Depois de ser seleccionada, cada família fica com direito a um cartão de cliente pré-pago, pessoal e intransmissível, cujo limite de consumo é calculado conforme o escalão que lhe é atribuído e o número de elementos do agregado. O cartão utilizado pelos agregados familiares com direito a bolsa social são iguais aos utilizados pelo público geral, um factor “fundamental para garantir o respeito e a dignidade”. “As famílias das bolsas sociais têm obrigatoriamente um cartão Cozinha com Alma que é igualzinho ao do público geral, o que permite ir a qualquer hora do dia, fazer compras na loja, chegar à caixa e pagar. Ninguém percebe que é uma bolsa social. Quando estas pessoas sabem como funciona a logística, começam a vir com mais à-vontade e muito mais tranquilas”, explica Joana Castella.

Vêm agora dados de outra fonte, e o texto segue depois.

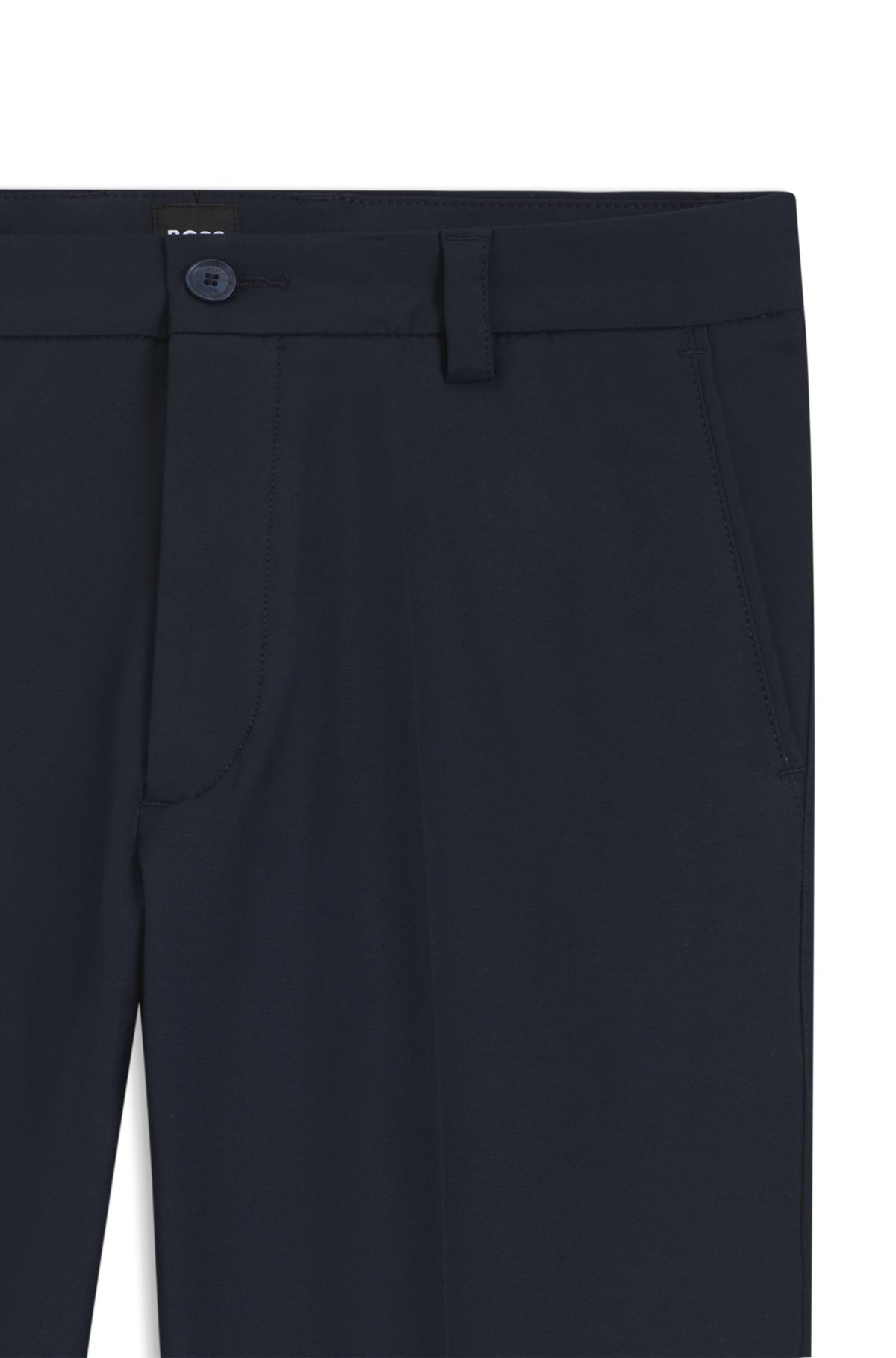 Pantalones de corte moderno con tratamiento antiarrugas en mezcla de algodón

Escalões O take-away tem três escalões: o 1, o 2 e o 3. No primeiro, as famílias pagam um preço médio por uma refeição completa – com direito a sopa, prato principal e uma sobremesa uma vez por semana – de 50 cêntimos; no segundo escalão, as refeições custam um euro e no terceiro escalão paga-se 1,5 euros. “Cada família tem direito a uma refeição por dia para cada elemento do agregado familiar. Por exemplo, uma família de quatro elementos do primeiro escalão, tem direito a 50 euros de refeições àquele preço durante um mês na Cozinha com Alma e não pode ultrapassar.”

Segundo Cristina de Botton, outra das responsáveis pelo projecto, estas famílias são apoiadas durante seis meses, o tempo necessário “para se reorganizarem”. “É um balão de oxigénio, porque nós também não queremos que aqui seja outro subsídio eterno”, sublinha.

No entanto, a Cozinha com Alma também fornece serviços de refeições para o público em geral, pessoas inseridas na comunidade local que têm capacidade financeira para pagar 100% do preço da refeição e que acabam por contribuir para a bolsa social das refeições que são vendidas a preços mais baixos. “Para que o público em geral venha ao restaurante e goste do projecto este também tem de ser bom”, realça Cristina de Botton. O segredo do sucesso da iniciativa está no chefe de culinária, Nuno Simões, “que garante a qualidade do projecto”. Além disso, tem a colaboração de oito chefes de cozinha reconhecidos, como Chakall, Filipa Vacondeus e Luís Baena, que doam as suas receitas para a iniciativa. “Todas as sextas-feiras fazemos receitas de um chefe convidado”, explica Cristina de Botton.

apoios O projecto solidário pretende ir um pouco mais longe e para tentar chegar a mais famílias de classe média baixa vai lançar em breve a iniciativa “Padrinhos 2012”. “Isto vai permitir a particulares e às empresas disponibilizarem bolsas sociais directamente às famílias que estão na nossa lista de espera. Como nós não conseguimos chegar rapidamente a esses agregados, criámos este produto para permitir ir buscar mais ajudas e oferecer directamente estas bolsas sociais” a famílias em dificuldades, diz Joana Castella.